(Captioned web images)
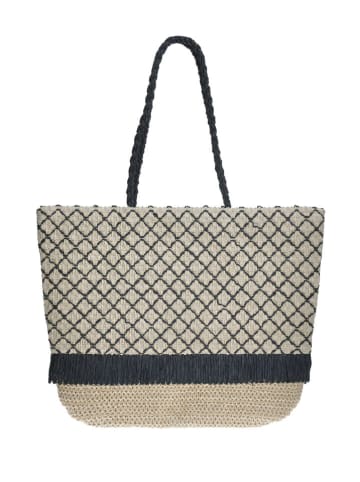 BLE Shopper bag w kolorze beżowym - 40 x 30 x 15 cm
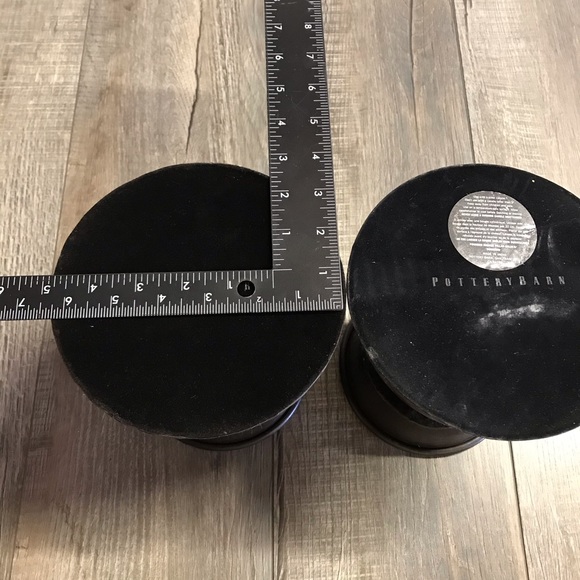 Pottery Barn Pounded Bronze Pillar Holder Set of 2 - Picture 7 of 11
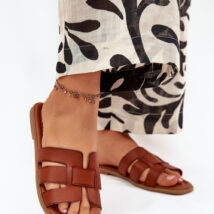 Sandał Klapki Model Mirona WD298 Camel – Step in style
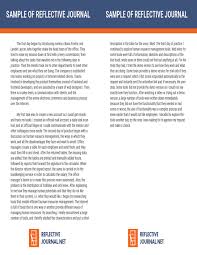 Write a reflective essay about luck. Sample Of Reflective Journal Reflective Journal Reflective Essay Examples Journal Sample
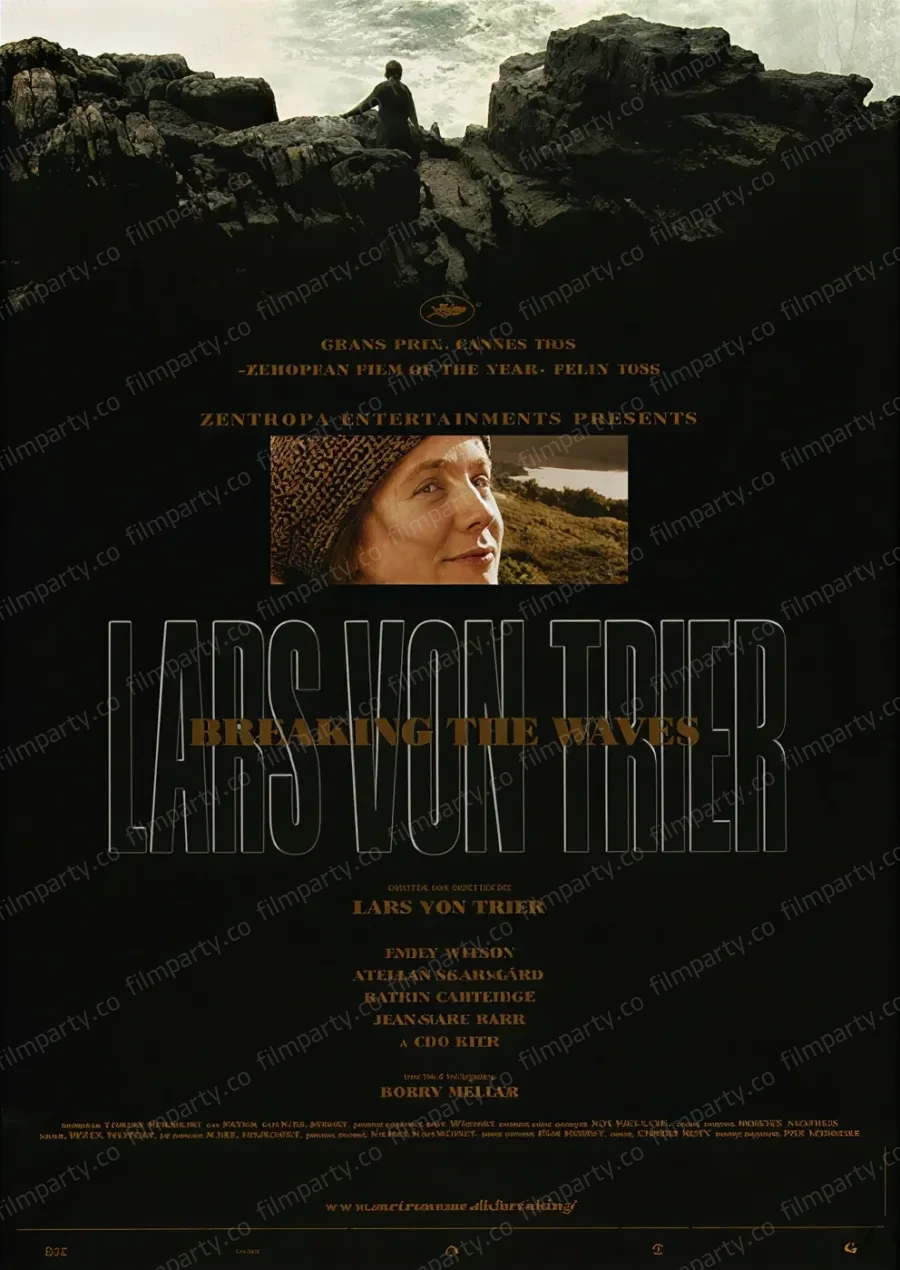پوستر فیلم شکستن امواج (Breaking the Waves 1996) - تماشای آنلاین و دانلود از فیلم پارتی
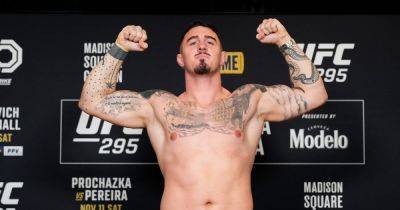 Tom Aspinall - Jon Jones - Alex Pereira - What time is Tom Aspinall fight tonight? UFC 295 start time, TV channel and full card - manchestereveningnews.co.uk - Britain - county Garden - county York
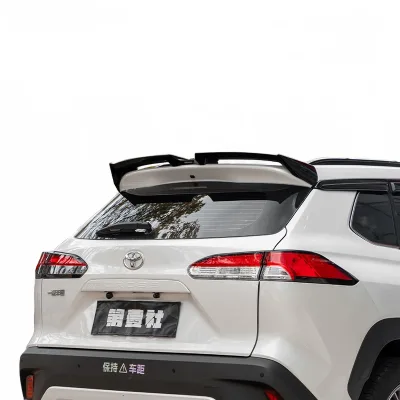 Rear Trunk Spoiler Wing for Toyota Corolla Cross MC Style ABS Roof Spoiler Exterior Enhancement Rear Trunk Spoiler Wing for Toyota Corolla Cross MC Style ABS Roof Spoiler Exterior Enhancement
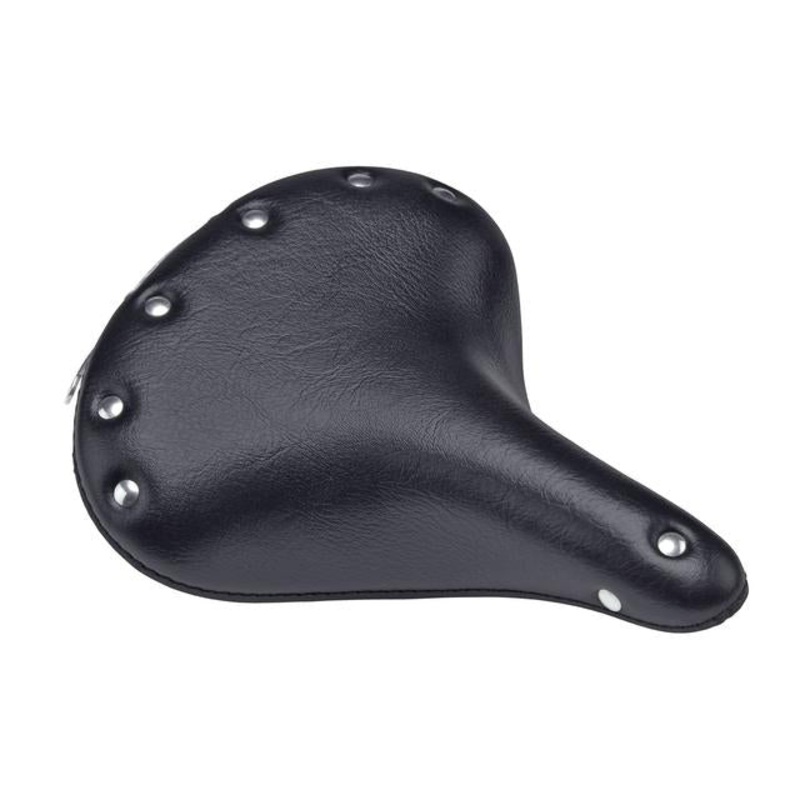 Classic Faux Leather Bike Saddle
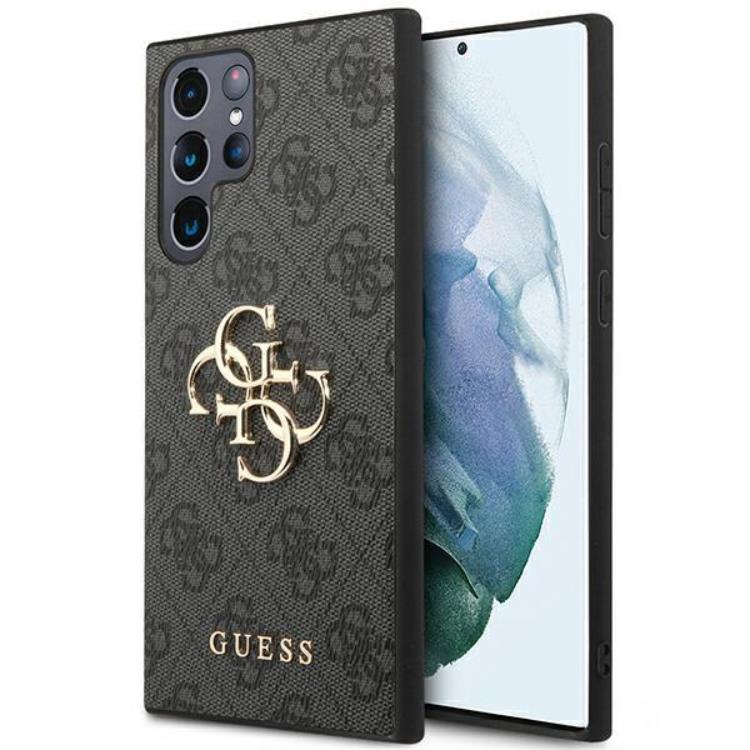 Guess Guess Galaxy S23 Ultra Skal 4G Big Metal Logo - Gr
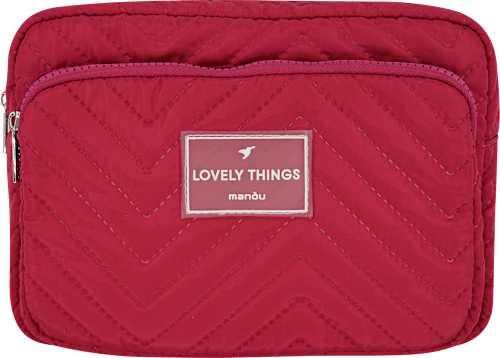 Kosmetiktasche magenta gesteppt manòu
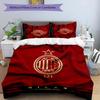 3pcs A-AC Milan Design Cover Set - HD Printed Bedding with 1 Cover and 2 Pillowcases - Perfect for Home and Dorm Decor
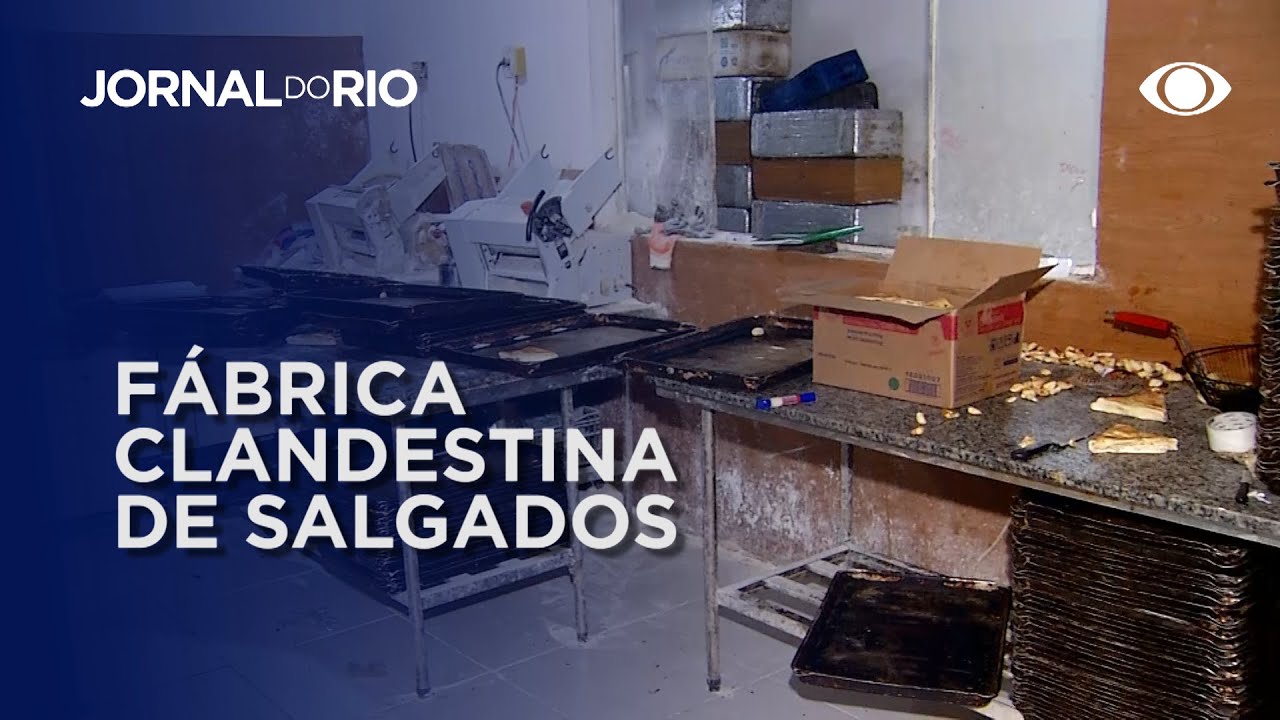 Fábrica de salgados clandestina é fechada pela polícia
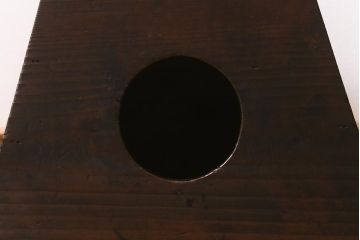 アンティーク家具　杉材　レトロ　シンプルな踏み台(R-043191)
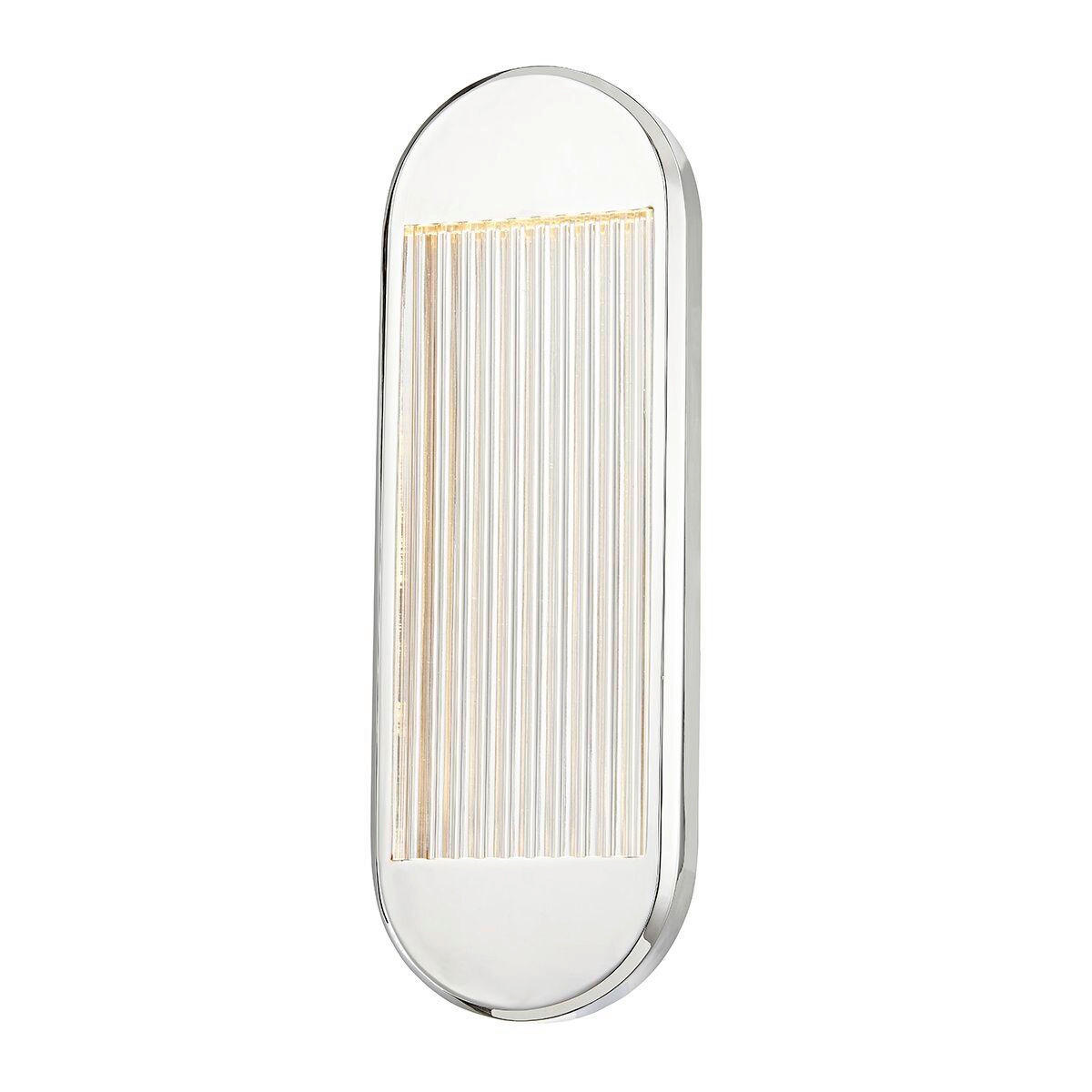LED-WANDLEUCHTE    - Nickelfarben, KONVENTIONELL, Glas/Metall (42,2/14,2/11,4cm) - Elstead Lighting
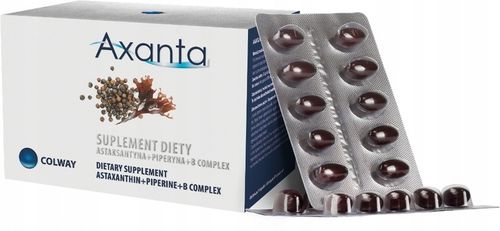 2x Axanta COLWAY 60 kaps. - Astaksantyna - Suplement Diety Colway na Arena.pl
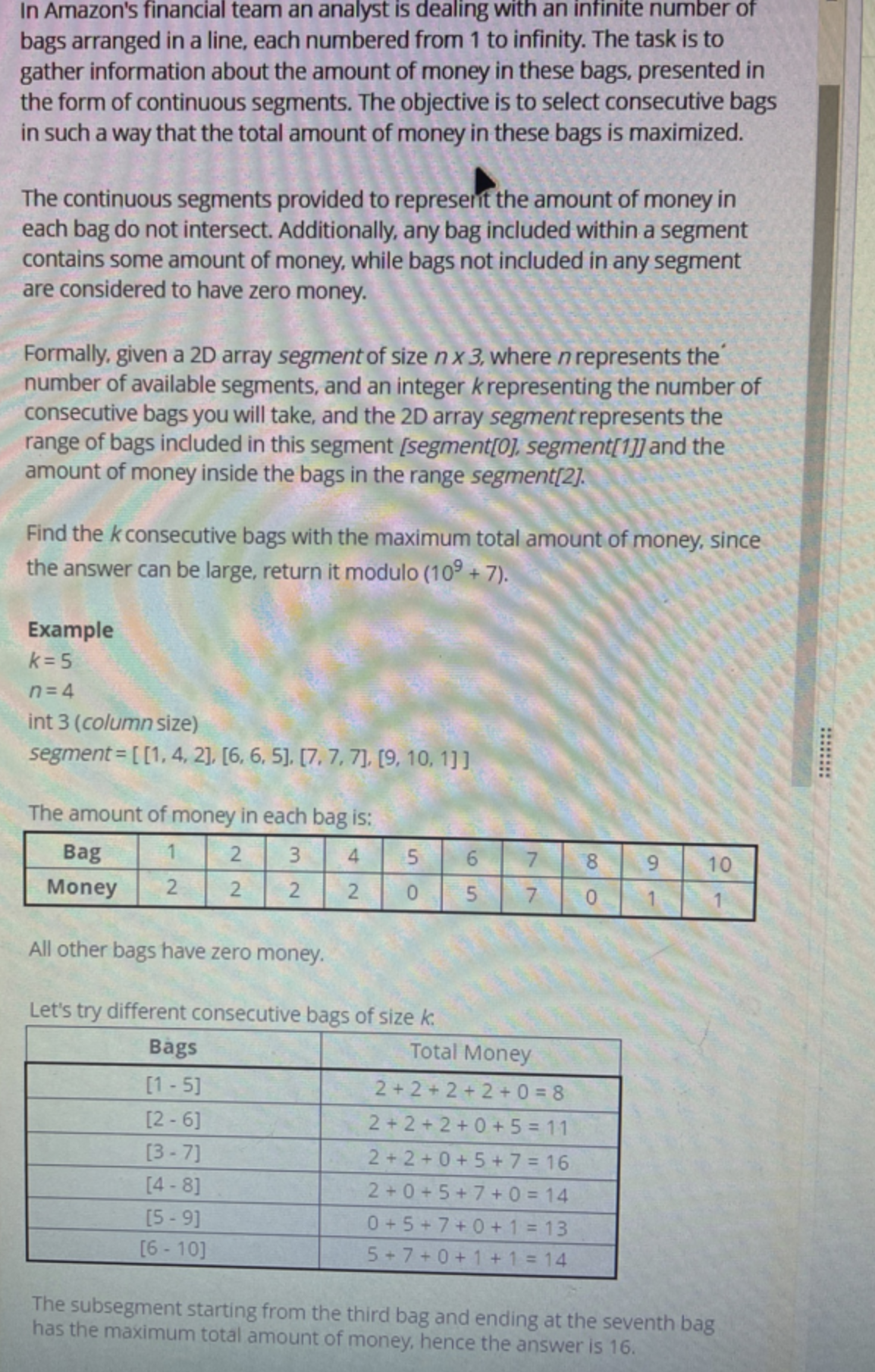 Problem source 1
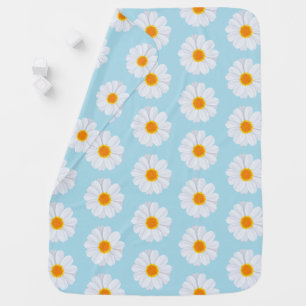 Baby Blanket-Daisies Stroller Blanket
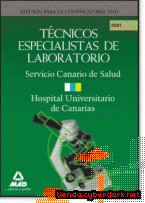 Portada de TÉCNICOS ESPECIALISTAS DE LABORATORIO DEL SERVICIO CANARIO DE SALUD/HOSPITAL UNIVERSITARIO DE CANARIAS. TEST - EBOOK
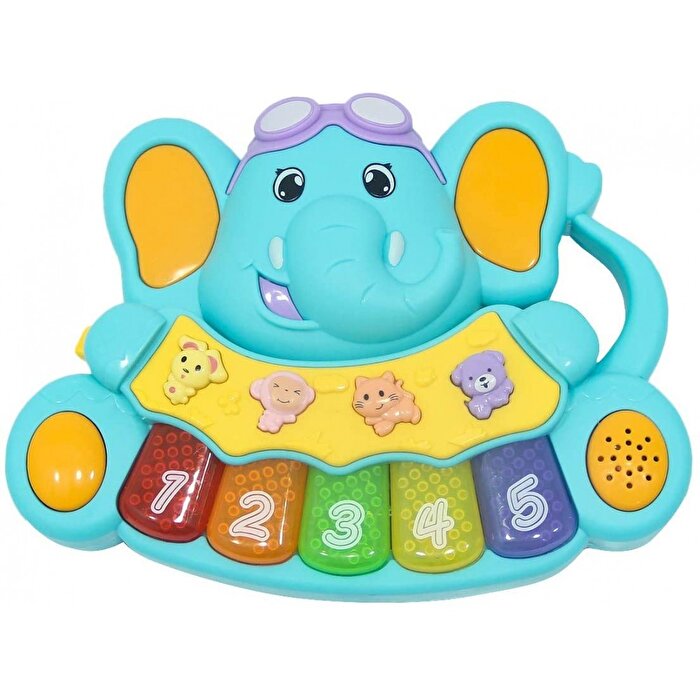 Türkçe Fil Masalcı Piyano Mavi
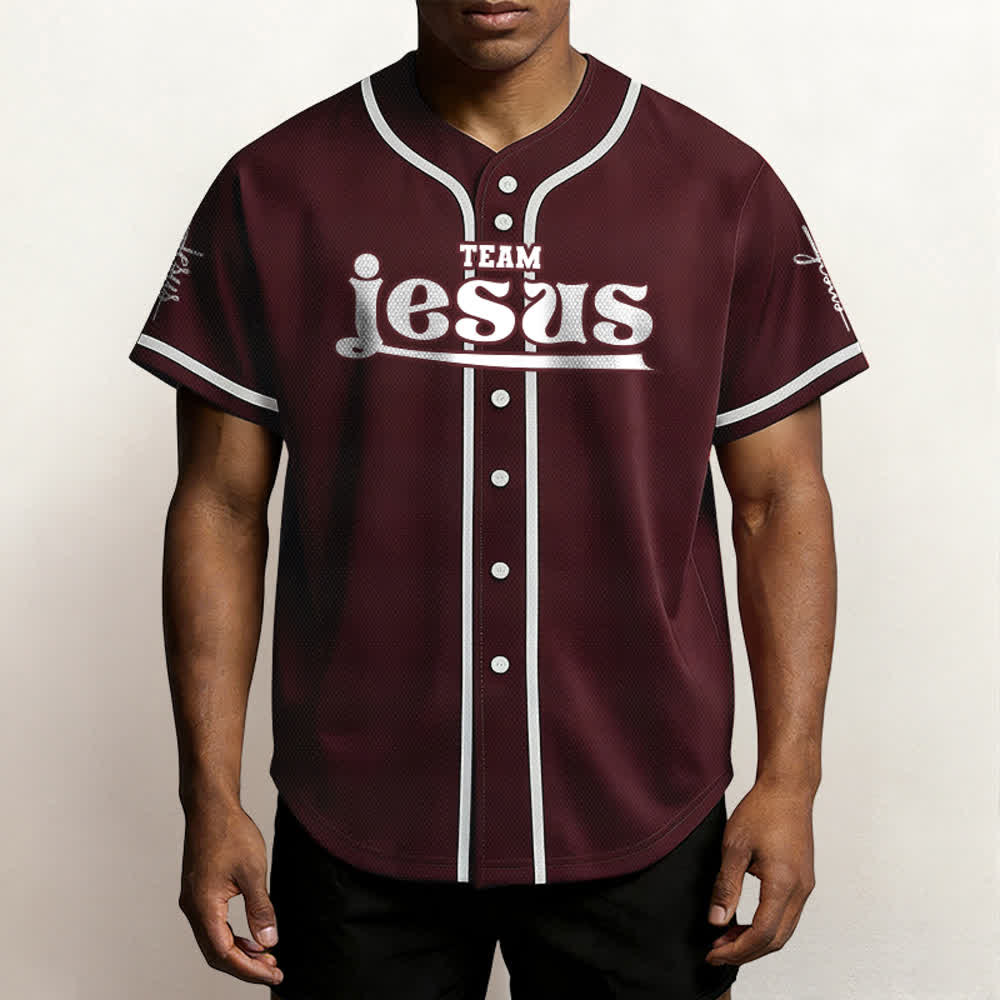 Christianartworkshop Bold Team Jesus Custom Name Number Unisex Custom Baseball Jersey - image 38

-- Activity --
With the pictures omitted, print the lines above exactly, beginning at the line with "Classic Faux Leather Bike Saddle" and going on through the line with "3pcs A-AC Milan".

-- Output below --
 Classic Faux Leather Bike Saddle
 Guess Guess Galaxy S23 Ultra Skal 4G Big Metal Logo - Gr
 Kosmetiktasche magenta gesteppt manòu
 3pcs A-AC Milan Design Cover Set - HD Printed Bedding with 1 Cover and 2 Pillowcases - Perfect for Home and Dorm Decor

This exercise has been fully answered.